Territorial sanctuary in Pakistan is no longer being provided to the Haqqanis, who have been rooted out by the combined application of Zarb-e-Azb and the National Action Plan, the government’s policy-driven counterpart to the military operation. The Network’s operational infrastructure in North Waziristan, which includes IED factories and a communication network, has been effectively disrupted by counterterror operations. The Haqqanis have lost three key lieutenants — Badaruddin, Mohammad, and Ibrahim Haqqani — along with a host of family members to drone strikes in North Waziristan. In a meeting with the German Foreign Minister last year, Pakistan’s former National Security Advisor Sartaj Aziz revealed that over half of the Haqqani Network had relocated out of Pakistan to Afghanistan since Operation Zarb-e-Azb began.
With operations pushing them out of Pakistan, the Haqqanis are finding new footholds in Afghanistan’s post-ISAF economy. Today the Network’s operational capabilities are fed largely on social-political connections with Gulf financiers and an elaborate empire of extortion, kidnapping for ransom, and drug trafficking. An Islamabad-imposed ban on the Haqqanis is unlikely to curtail or roll back Haqqani operations in the region, and a hard decapitation strategy against its leaders will only drive the Taliban further away from accepting President Ghani’s petition for a second round of the Murree process. Haranguing Pakistan to do more in the way of a ground offensive against the Network also drives up the costs of the Islamabad-Kabul relationship, and undercuts what U.S. officials, including Vice President Joe Biden, have insisted is a priority for the United States: seeing through a reconciliation process that brings the war in Afghanistan to an end.
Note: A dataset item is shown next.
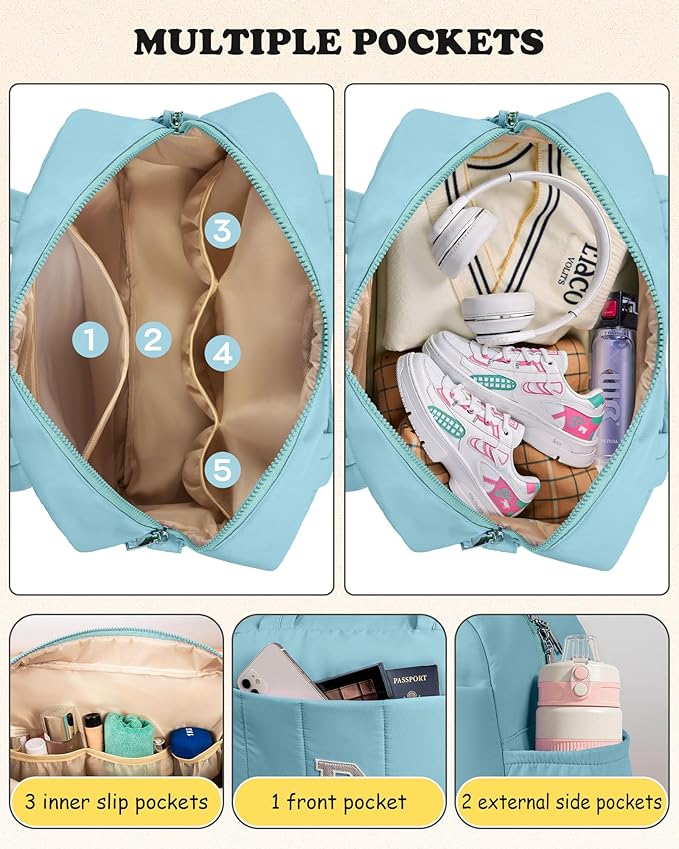 Sweet 15 Gifts for Girls-Duffle Bag, Weekender Bags for Girl，Initial Overnight Bag with Wet Pocket，Lightweight Dance Bags Personalized Gymnastics bag with Makeup Pouch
While Pakistan’s commitment to eliminating terror groups is becoming steadily clearer, Prime Minister Nawaz Sharif cautioned in an October 2015 address at the United States Institute of Peace that it was unfair to expect Pakistan to target terrorist groups while bringing them to the negotiating table at the same time.
A third round of quadrilateral talks between Afghanistan, China, the United States, and Pakistan is now scheduled to take place in Islamabad in early February to discuss a peace settlement between the Afghan government and the Taliban. Ahead of this fresh push for peace, the United States will have to be decidedly clearer about how it views reconciliation in Afghanistan and who it considers partners. This is critical if the combined international and Afghan aim is to win a lasting peace that extends to all 34 of Afghanistan’s provinces. If the Murree process gets thrown another lifeline, Washington may also have to re-think the UN-sponsored travel ban imposed on certain Haqqani leaders, which complicates the task of legally bringing them to any venue outside Afghanistan to negotiate. As Kabul and Washington attempt to sync their strategic objectives, the big question in 2016 looks to be whether talks about talks with the Haqqanis will figure into the agenda.